Triste è il rientro, non in sella al destriero su due ruote. Ed ancora più triste la nottata, in preda a spasmi per una digestione che non ne vuole sapere di giungere a compimento: altro che lasagne fatte il giorno stesso! Que viva Mexico!

NOTA DELL'AUTRICE: Visto che il locale era anche un internet point, non è escluso che qualcuno dei gestori del locale càpiti, in un futuro non tanto remoto, su queste pagine e ne rimanga sentitamente oltraggiato. Bene, mi rivolgo a Lei direttamente, Signora Oste: non se ne abbia a male. Lo abbiamo fatto per dileggio, per irridere la nostra sorte avversa. Non per cattiveria o per ingratitudine, o peggio, per risentimento nei confronti di un prezzo eccessivo per le libagioni assicurateci.
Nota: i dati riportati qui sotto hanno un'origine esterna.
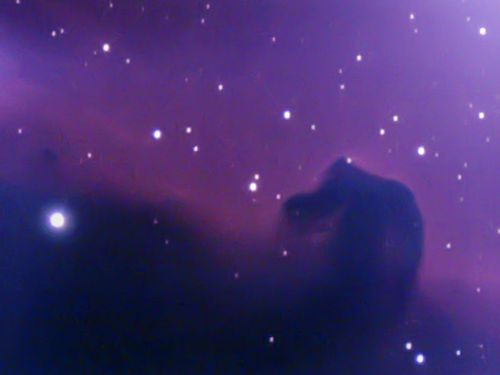 Nebulosa Barnard 33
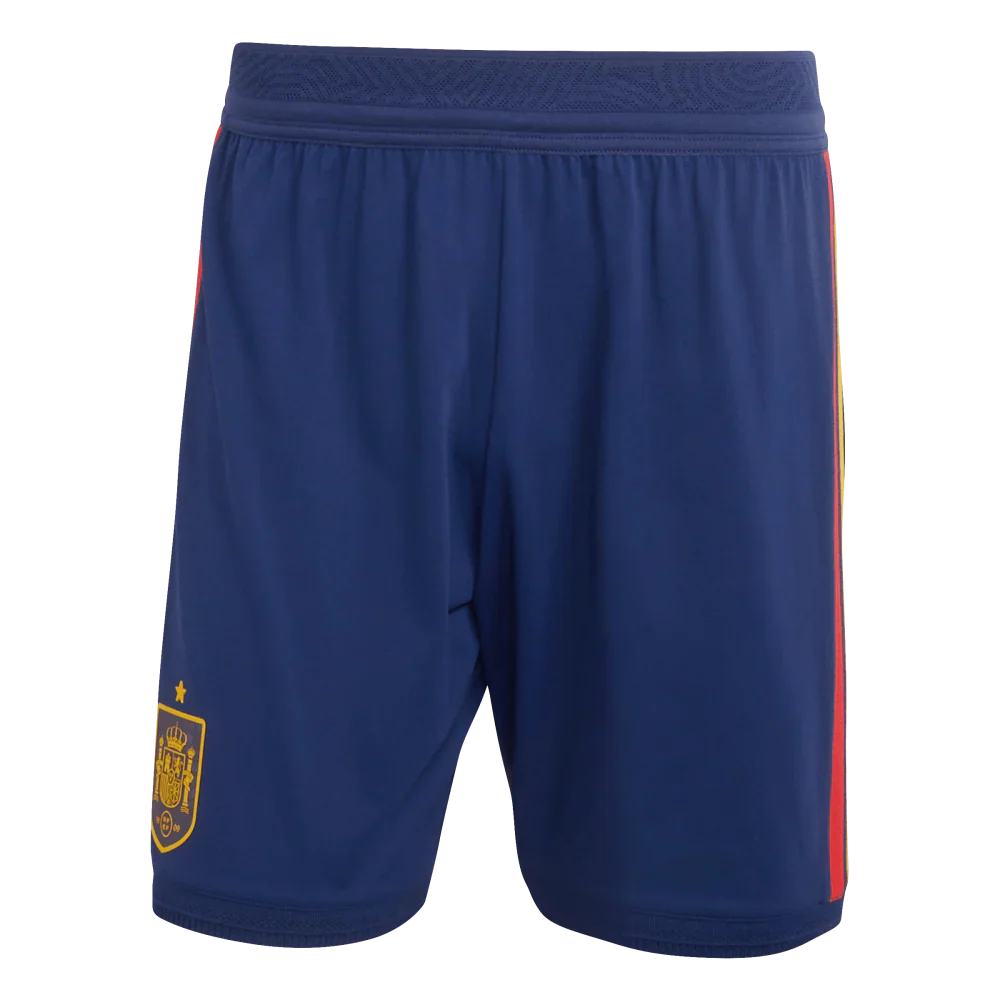 Spain World Cup Hjemmebaneshorts 2026 [PREMIUM]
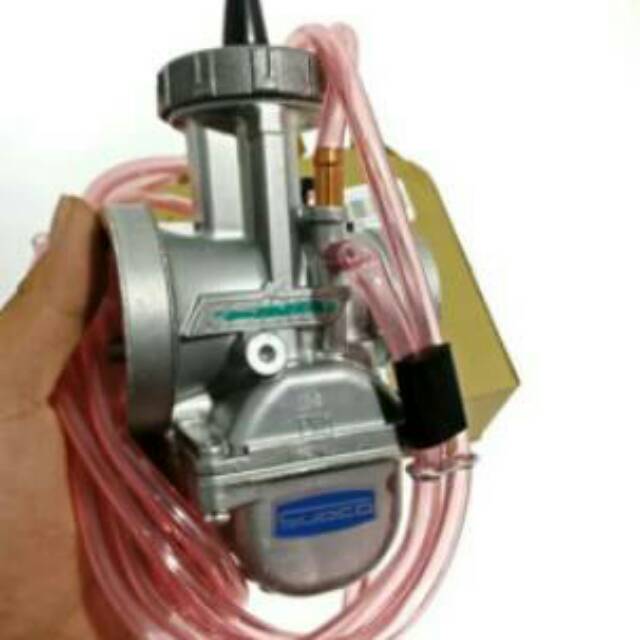 Karburator Keihin Sudco Pwk34 - Karbu Sudco Pwk34 - Air Strike QAS original Karbu Kotak Semua Motor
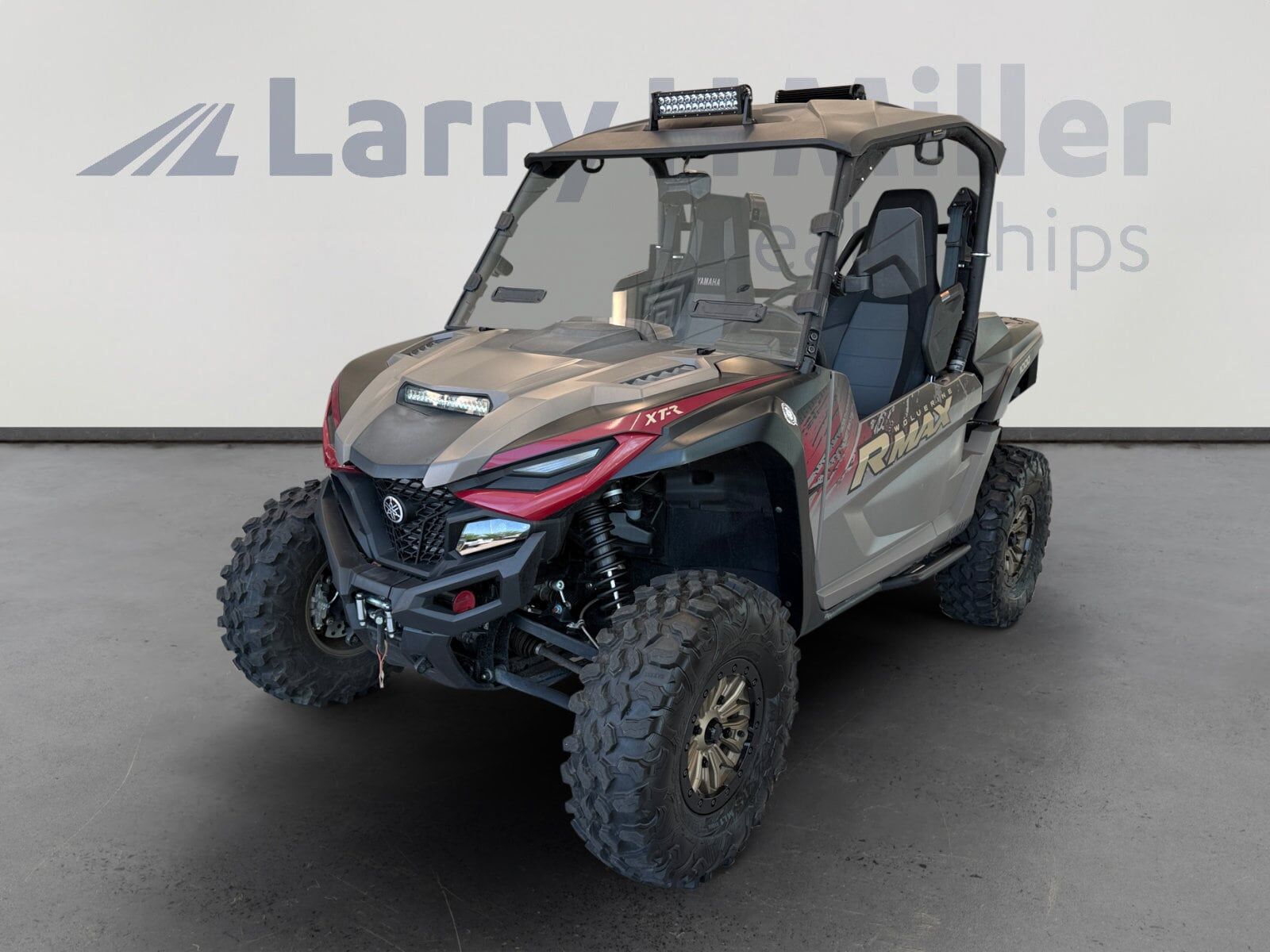 2024 YAMAHA YXE1000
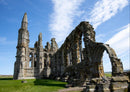 21756 Orte - Ruine von Whitby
E comunque... quelle lasagne facevano veramente cagare!..

19 agosto, 2008

RATATOUILLE

Me ne torno a casa.
Una spesa leggera, sul sedile anteriore della macchina. Che non ha la pretesa di ricostituire le scorte dopo le vacanze, ma che può dare consolazione per la fine delle ferie, e un buon accompagnamento goloso per la visione di Sweeney Todd (segnare tra gli appunti: mai prendere il pasticcio di carne al ristorante.. scrib scrib scrib...).
"Tutta mia la città", cantava il mio illustre compaesano Vandelli, e non certo quel bellimbusto con gli occhiali da sole troppo grandi che si permette di scaravoltare in levare il ritmo di alcune canzoni che stanno benissimo lì dove sono... ma non voglio pensare alle cose che mi fanno arrabbiare, ora. Il ragazzone con la cravatta avrà avuto i suoi buonissimi motivi, per lasciare i Casino Royale, e per fare una camionata di soldi.
Io ho tre lavatrici di roba da lavare, dopo le vacanze. Devo annaffiare i ficus sotto il portico e devo fare la puntura alla nonna, domani.
Ma per ora, è tutta mia la città. Ancora non fremono i preparativi per la sagra paesana, e tutti se ne stanno rintanati nelle loro tane, aspettando che evapori il caldo accumulato durante il giorno.
Entro in cucina.
Tutta mia la cucina.
Ma c'è qualcosa che non quadra.
E' un foglietto bianco sul tavolo.
"Cara Lara,
tuo padre ha avuto la brillante idea di far saltare la cucina un'ora prima di partire per le vacanze.
Dovrai andare avanti a insalate per una settimana.
Baci.
I tuoi geni(tori)"
Una settimana di insalate?
Il foglietto accartocciato descrive una graziosa traiettoria a parabola fuori dalla finestra.
Non ho neppure intenzione di scaricare i bagagli, e la spesa ormai inutile e incucinabile.
Dietro-front, e si torna in Friuli, altro che insalate!
EPILOGO:
E cos'è successo, poi, alla cucina?
Un topolino.
Un minuscolo topolino di campagna.
Quatto quatto, si è riuscito ad infilare sotto le pesanti assi della pesante cucina in legno massiccio dei miei geni(tori). Ha trovato un bel cavo di suo gradimento, che ha rosicchiato ben bene, tenendolo fermo con le zampine, mentre si dava da fare coi denti.
E' rimasto lì attaccato, folgorato dal suo ultimo pasto.
Pessima scelta di ingredienti, per l'ultima cena.
Non tutti i topi nascono chef come il simpatico topino di Ratatouille.
Amen.

07 agosto, 2008

IL DESSERT DEI TARTARI...



 
... si chiama Palacinka.

Ma, per quanto di pregevole fattura e gradito al palato, non è il piatto protagonista della serata. Ammetto che fa ridere già di per sè, e vale la pena solo per dire: "Cara, dove ti porto a mangiare stasera? Ti va se andiamo all'estero?".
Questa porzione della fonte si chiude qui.